En este sentido, la competencia internacional se centra en la industria y la tecnología, y la Comisión Europea es muy consciente de ello. Sin embargo, Europa enfrenta de nuevo el riesgo de quedarse atrás frente a sus competidores globales (como China y Estados Unidos).
En EE.UU., la Ley de Reducción de la Inflación (IRA), aprobada en 2022 bajo la Administración Biden, busca estimular la producción interna de energías limpias y tecnologías verdes, ofreciendo incentivos fiscales, subvenciones y créditos para la industria de baterías, vehículos eléctricos, energías renovables y capacidades de almacenamiento.
La estrategia china
Por su parte, China ha seguido apostando por una política industrial agresiva, controlando gran parte de la cadena de valor de las baterías, desde la extracción de litio y grafito hasta los módulos finales.
De hecho, según la Agencia Internacional de Energía (IEA), China ya produce «más de tres cuartas partes de las baterías vendidas en todo el mundo» en 2025, permitiéndole reducir costes más rápido que en Europa o EE.UU.
El papel de Europa
Mientras tanto, Europa intenta hacer frente a esta situación con el plan Green Deal Industrial Plan, que tiene como objetivo «posicionar a Europa como líder en la revolución limpia», facilitando financiación, regulaciones más ágiles y apoyo a las cadenas de suministro para tecnologías con cero emisiones.
Sin embargo, el desafío es doble. Por un lado, la Unión no dispone de un presupuesto tan amplio como el de EE.UU., y la fragmentación política entre los estados miembros dificulta la implementación de ayudas efectivas.
Los ejemplos concretos no faltan.
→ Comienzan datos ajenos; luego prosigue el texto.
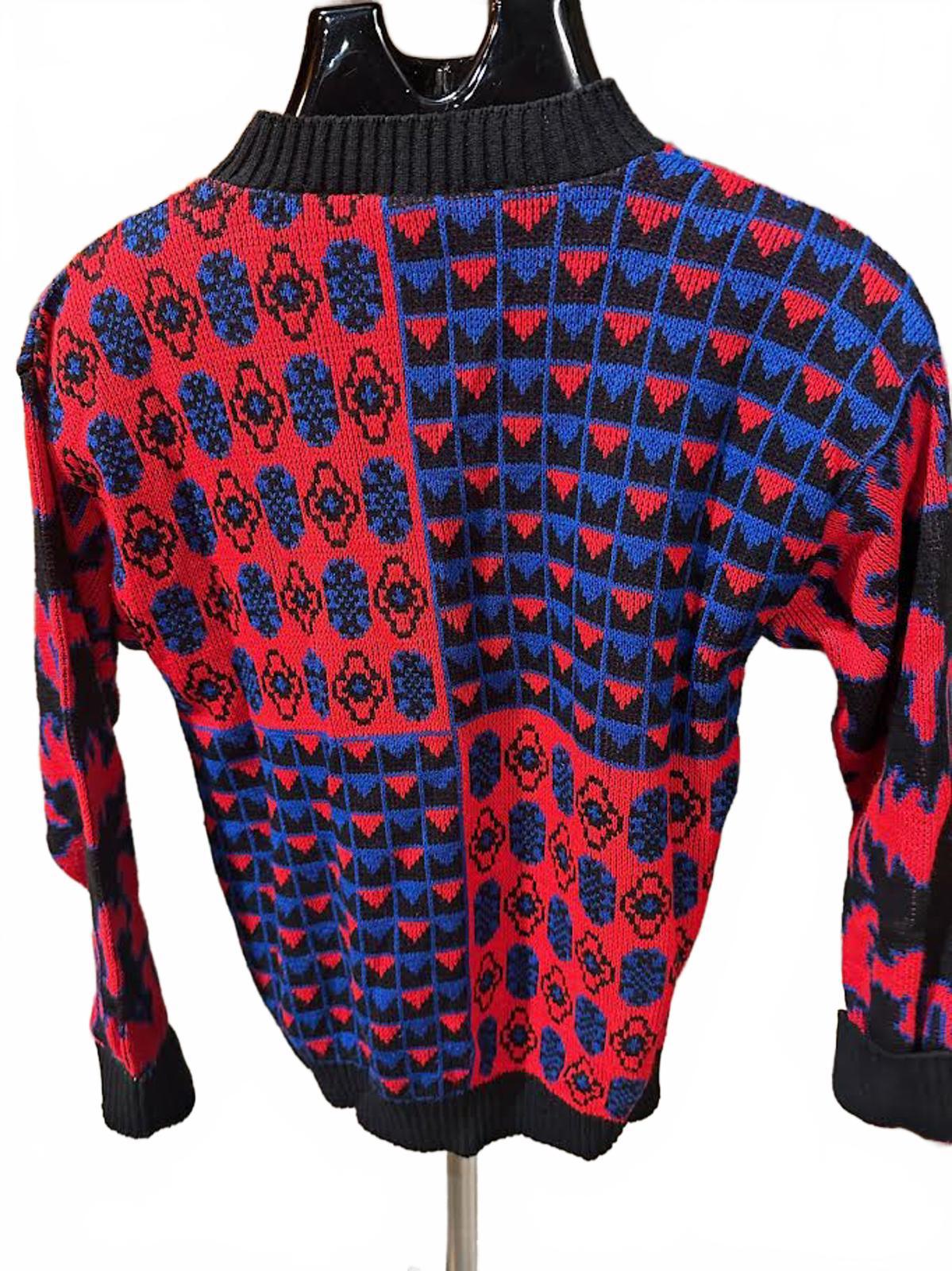 Vintage Brunny 80s Crewneck Knit Sweater M/L USA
En China, el fabricante CATL ya domina aproximadamente un 38% del mercado mundial de baterías en 2025.
Menor competitividad
En Europa, mientras tanto, la gran empresa del acero ArcelorMittal abandonó un proyecto de conversión de sus fábricas alemanas a producción con hidrógeno verde —a pesar de que tenía sobre la mesa 1.300 millones de euros en subvenciones— porque la estructura de costes y la energía serían menos competitivas que en otras regiones.
Para España concretamente, lo relevante es la inversión anunciada por CATL y Stellantis en Zaragoza por 4.100 millones de euros para una gigafactoría de baterías, lo que demuestra que el interés está, pero también la urgencia de hacer que la industria local sea atractiva.
La conclusión es clara. Europa podría ver cómo los empleos de mayor valor añadido en la transición energética (baterías, almacenamiento, componentes críticos) se ubican fuera de sus fronteras justo cuando debería liderar.
Si Europa renuncia a producir los componentes clave de su cambio de modelo, podría pasar de depender del gas ruso a depender del litio chino o de los incentivos fiscales de Washington.